Source records
--

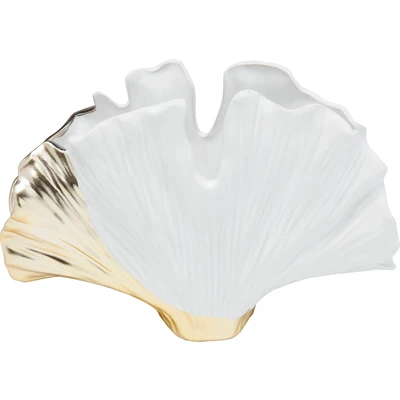 Abbildung von Kare Design Vase Gingko Elegance, Weiß/Gold, Steinzeug, Glamour, Dekorationsvase, Blumenvase, Tischvase für Wohnzimmer, Flur, Schlafzimmer, 18x26x9 cm (H/B/T)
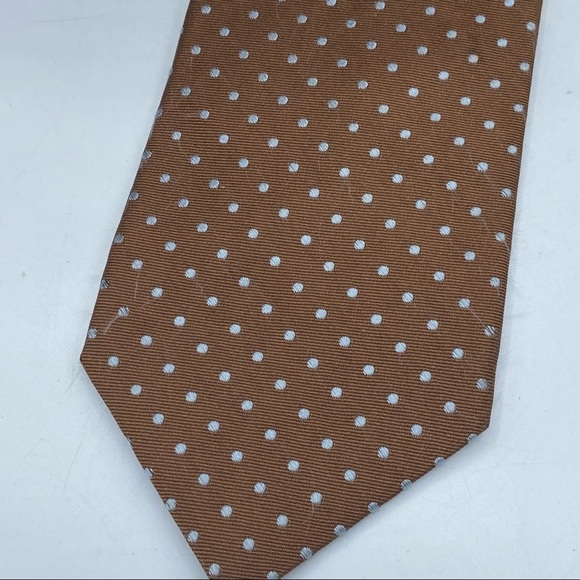 Ike Behar Brown White Polka Dot Silk Tie - Picture 3 of 6
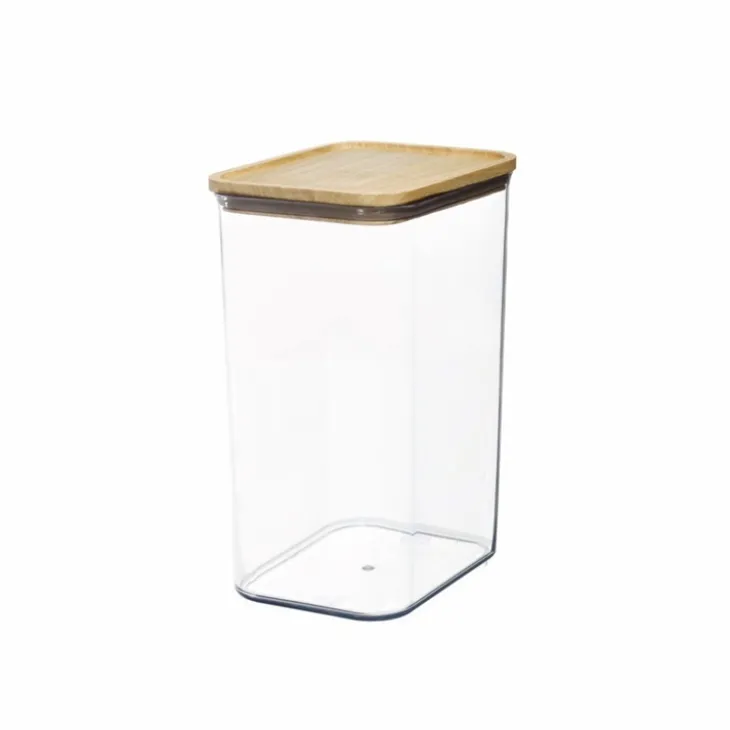 Hög förvaringsburk med trälock 3L, iDesign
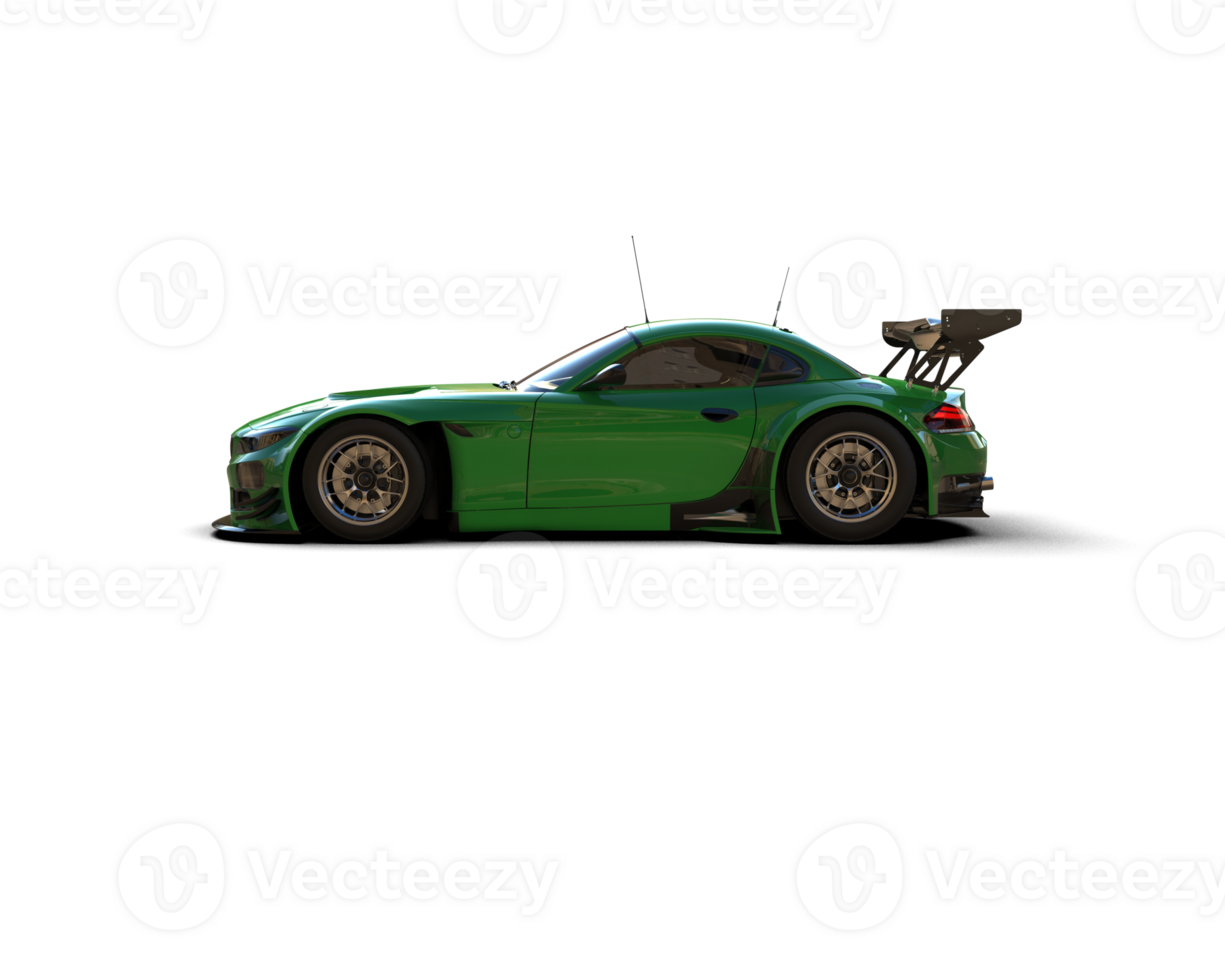 Realistic race car isolated on background. 3d rendering - illustration png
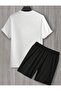 Men's Sculpture Printed T-Shirt Short Wide Leg Comfortable Fit Black Bottom White Top Short Set - 2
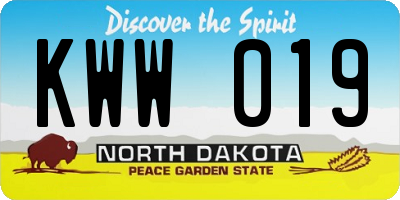 ND license plate KWW019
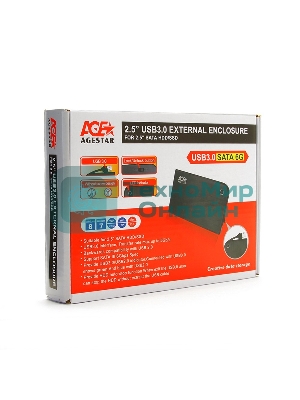 Внешний корпус для HDD/SSD AgeStar 3UB2A14 SATA II пластик/алюминий синий 2.5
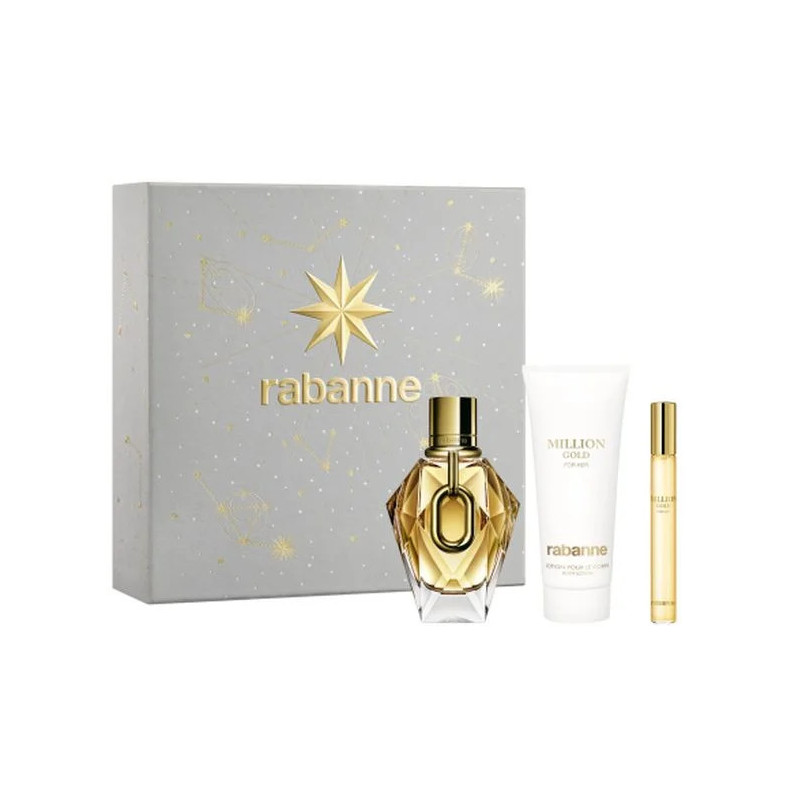 Rabanne Million Gold For Her Eau De Parfum Spray 90ml Coffret 3 Produits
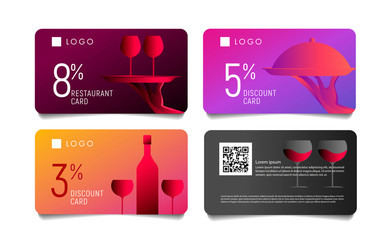 Gift voucher or discount card for premium luxury restaurant with modern gradient graphic of food and wine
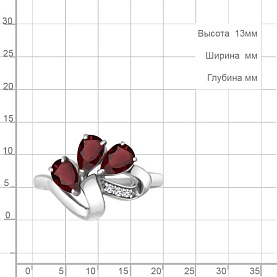 Кольцо Аквамарин - Серебро 925, Гранат, Фианит (арт. 6963903А.5)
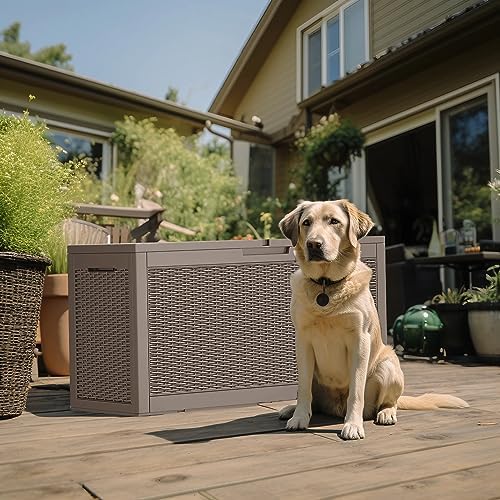 PatioZen 120 Gallon Resin Deck Box, Lockable Patio Outdoor Storage Box - Image 4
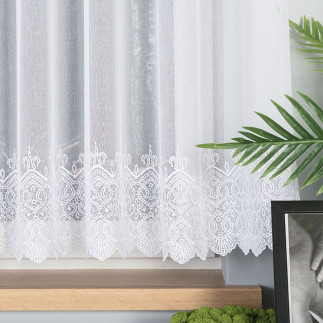 Firanka haftowana ze wzorem na samym dole, wysokość 160cm, kolor 001 biały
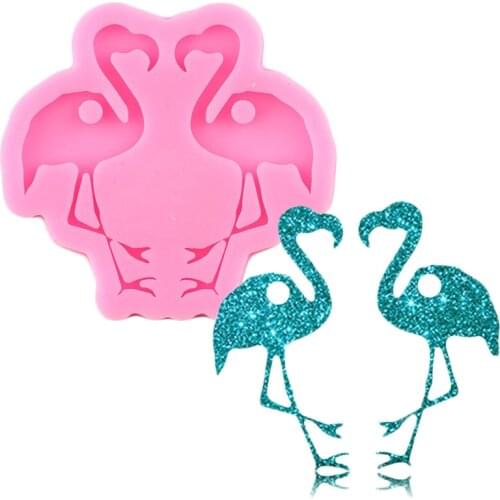 Super Glossy Flamingo Resin Silicone Mold Keychain Making Molds Necklace Jewelry Epoxy Craft Mould Fondant Cake Decorating Tools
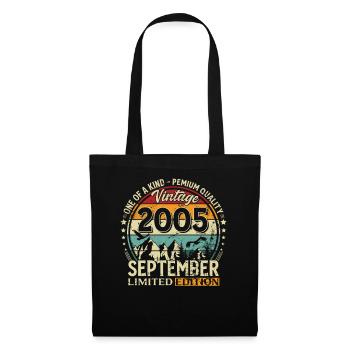20th Birthday Vintage September Vintage 2005 - Tote Bag - black - Front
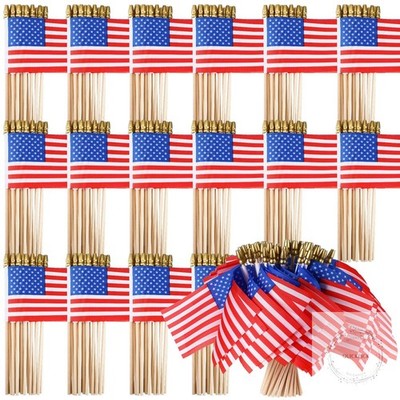 500 Pcs Small American Flags on Stick 4 x 6 Inch Mini American Handheld USA Flag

--

Starting at the line above that holds "Hög förvaringsburk med trälock 3L, iDesign", return each line up to and including the one that holds "Rabanne Million Gold", exactly as written, minus any pictures.

 Hög förvaringsburk med trälock 3L, iDesign
 Realistic race car isolated on background. 3d rendering - illustration png
 Men's Sculpture Printed T-Shirt Short Wide Leg Comfortable Fit Black Bottom White Top Short Set - 2
 ND license plate KWW019
 Внешний корпус для HDD/SSD AgeStar 3UB2A14 SATA II пластик/алюминий синий 2.5
 Rabanne Million Gold For Her Eau De Parfum Spray 90ml Coffret 3 Produits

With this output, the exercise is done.